→ **INPUT RECORDS**
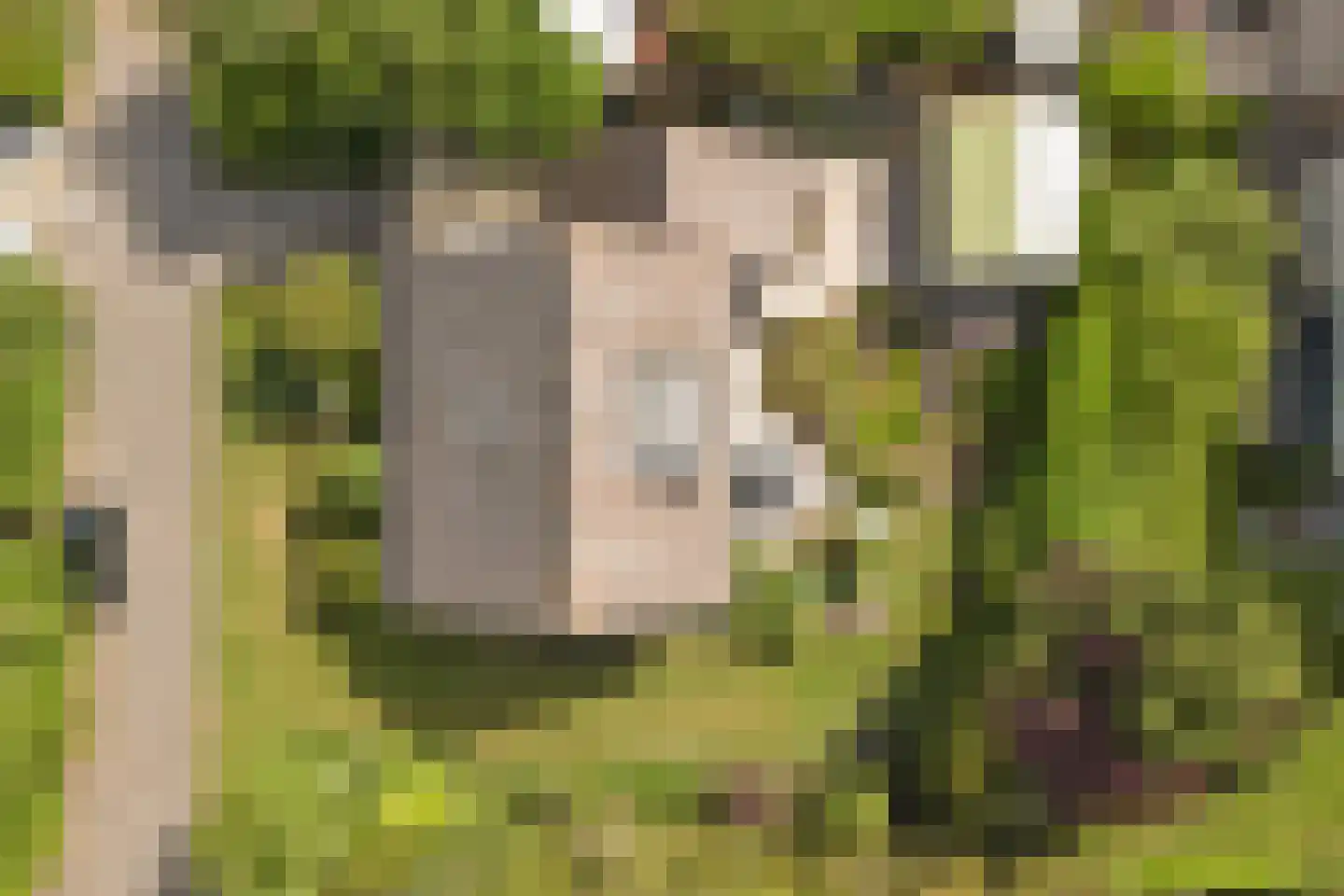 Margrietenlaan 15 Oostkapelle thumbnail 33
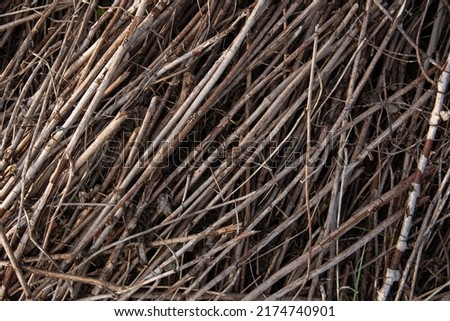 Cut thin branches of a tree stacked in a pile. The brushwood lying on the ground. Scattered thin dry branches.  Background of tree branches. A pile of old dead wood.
--
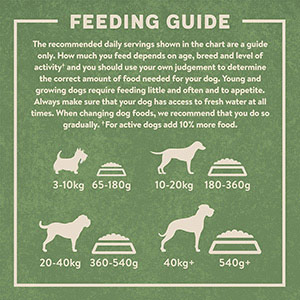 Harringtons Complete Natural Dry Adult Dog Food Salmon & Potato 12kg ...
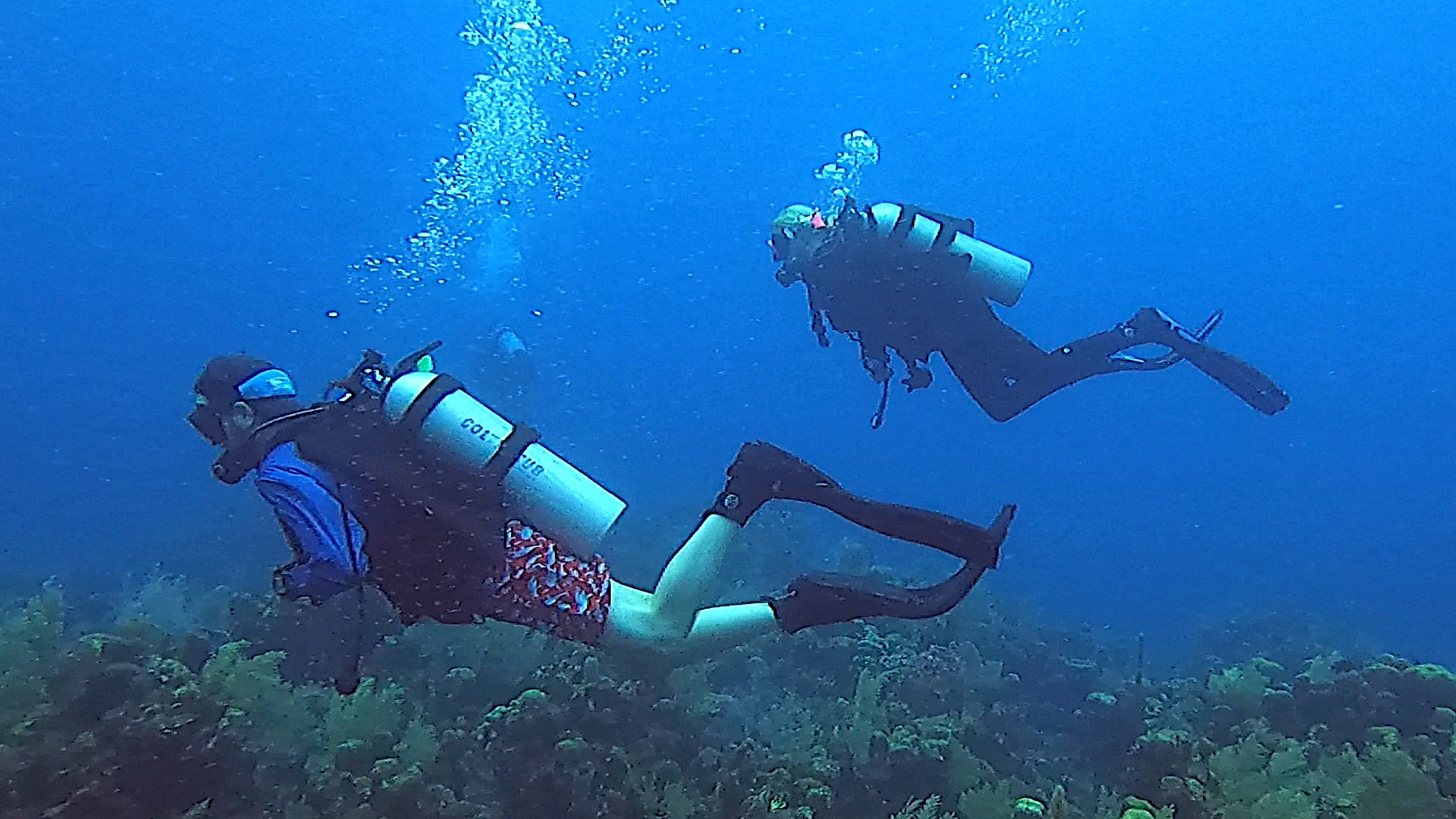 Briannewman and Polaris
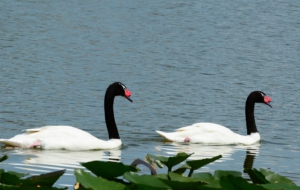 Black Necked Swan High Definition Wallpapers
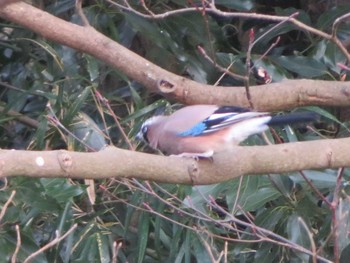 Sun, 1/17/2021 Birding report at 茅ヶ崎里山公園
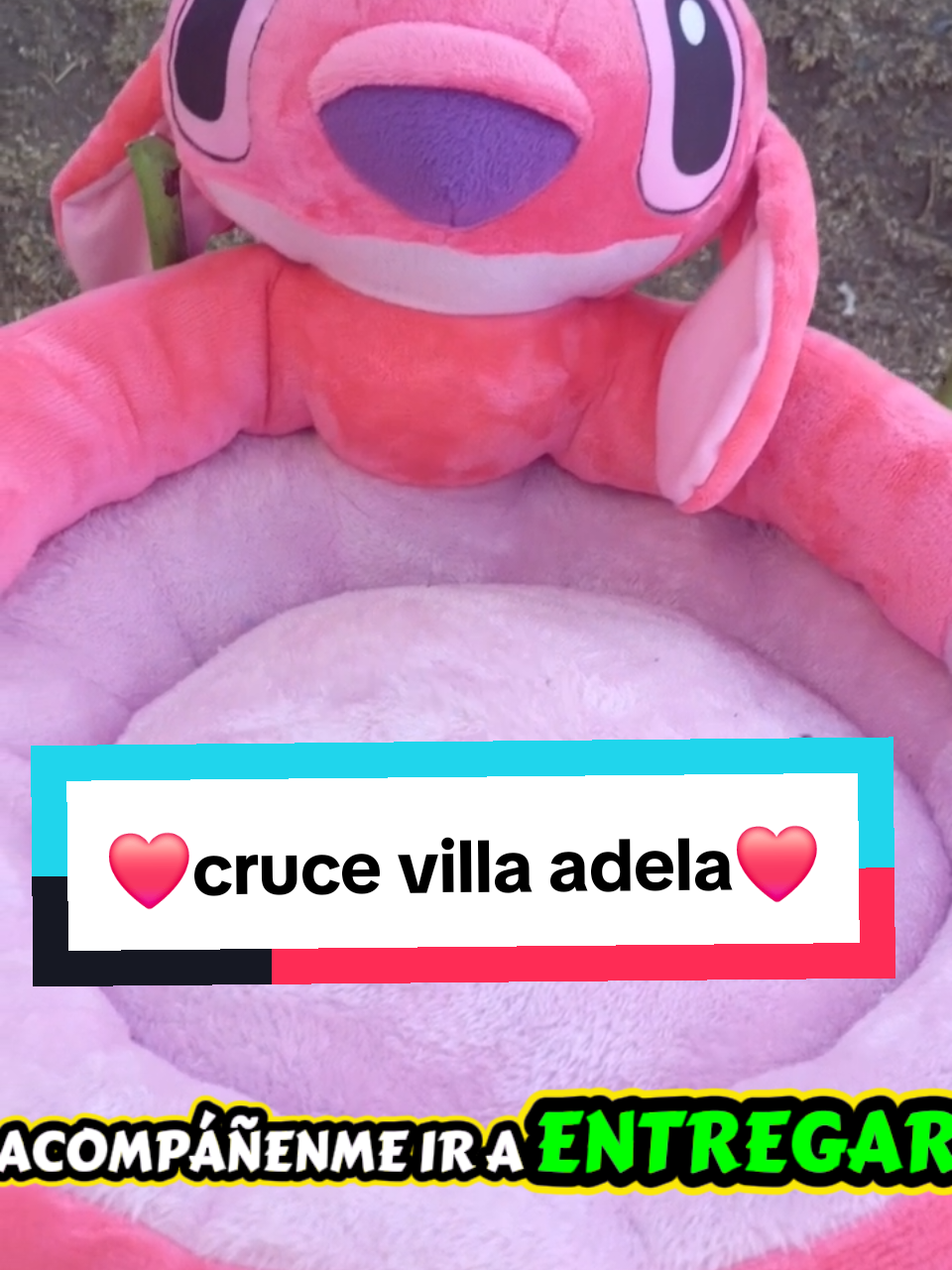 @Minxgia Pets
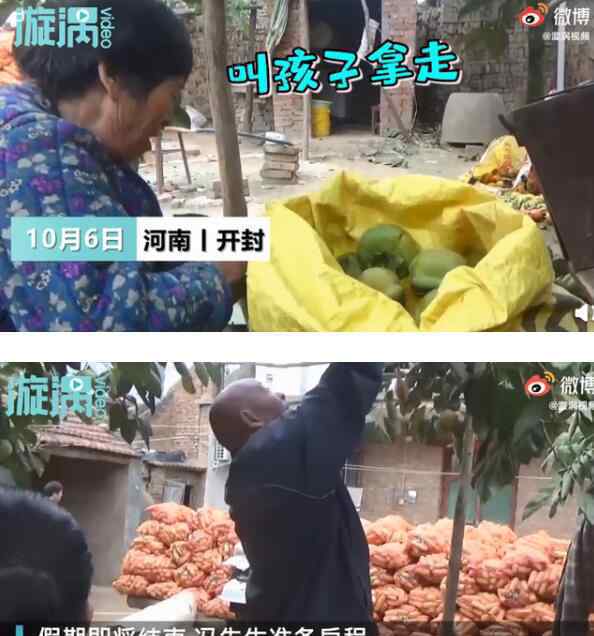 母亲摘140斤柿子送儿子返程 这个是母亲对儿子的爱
--
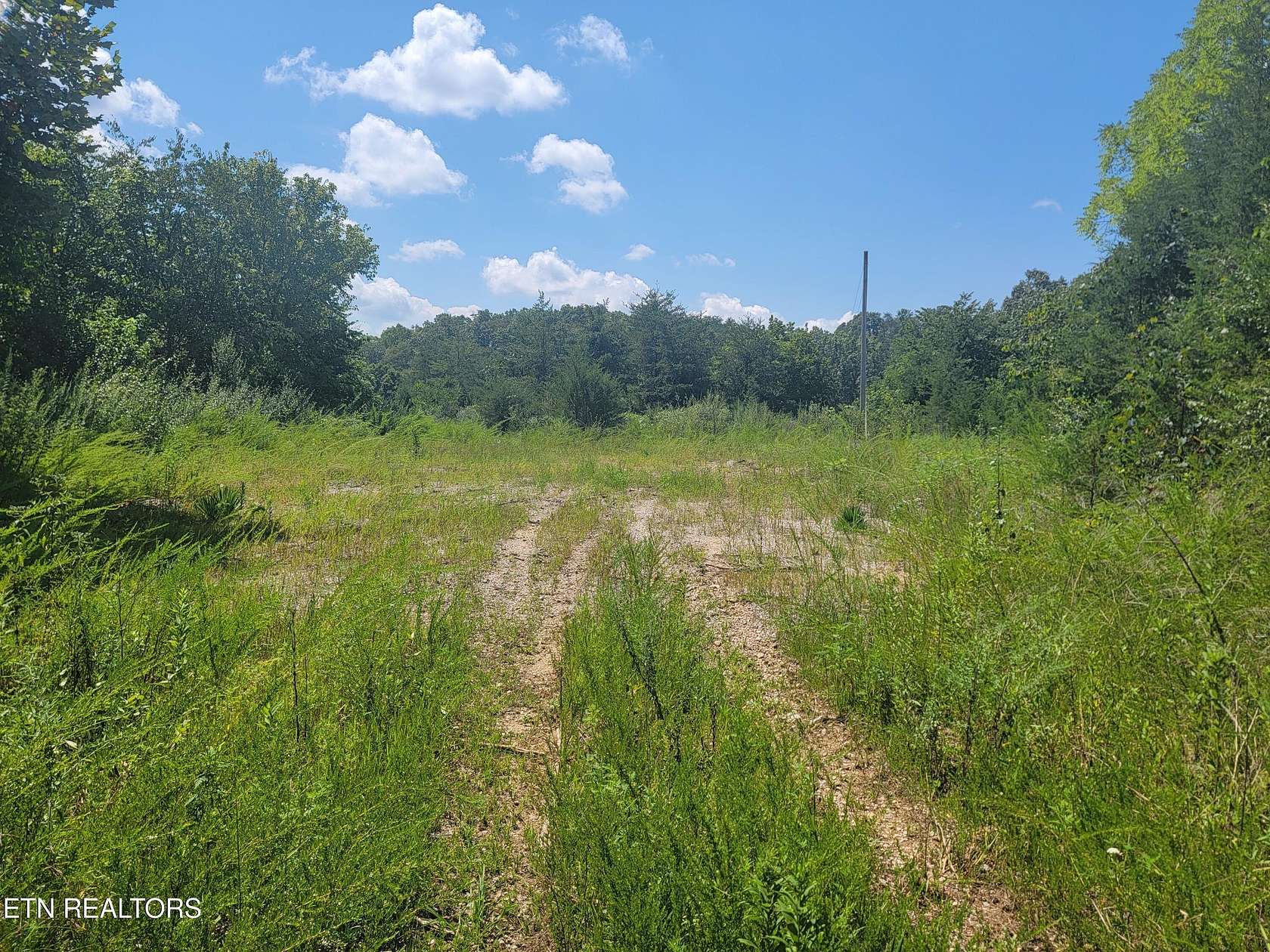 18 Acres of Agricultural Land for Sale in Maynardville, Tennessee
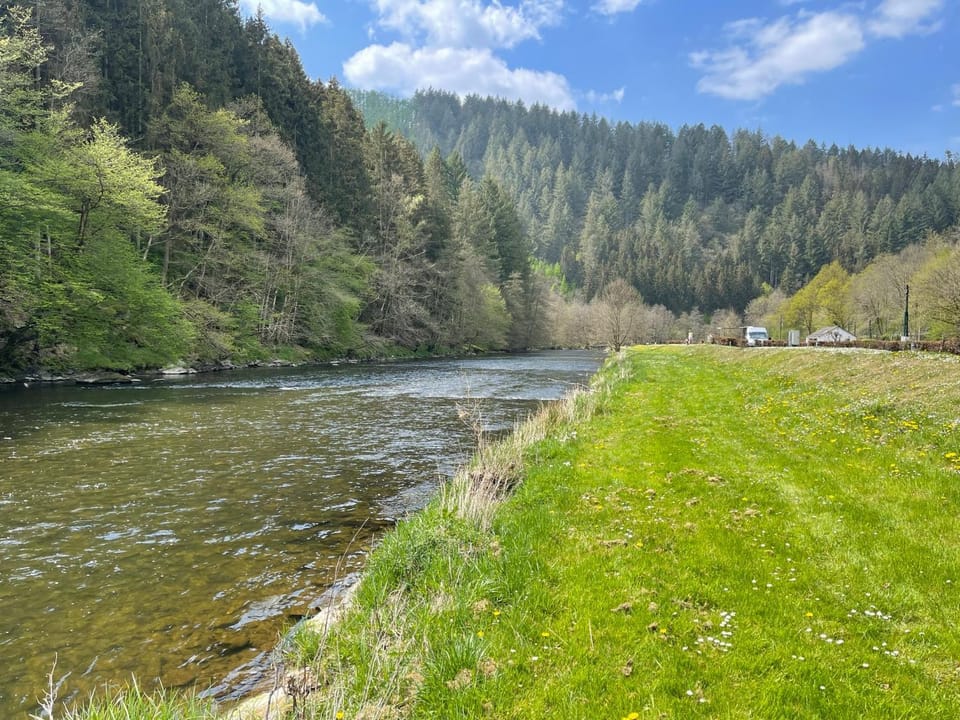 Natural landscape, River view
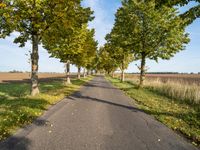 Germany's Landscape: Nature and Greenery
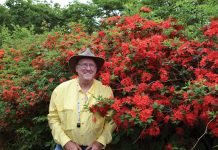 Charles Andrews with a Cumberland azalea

→ **PROBLEM**
In the listing above, find the line containing "Natural landscape, River view" and the line containing "Charles Andrews with a Cumberland azalea". Reproduce those lines and all between them exactly, with no pictures and nothing more.

→ **SOLUTION TO THIS PROBLEM**
 Natural landscape, River view
 Germany's Landscape: Nature and Greenery
 Charles Andrews with a Cumberland azalea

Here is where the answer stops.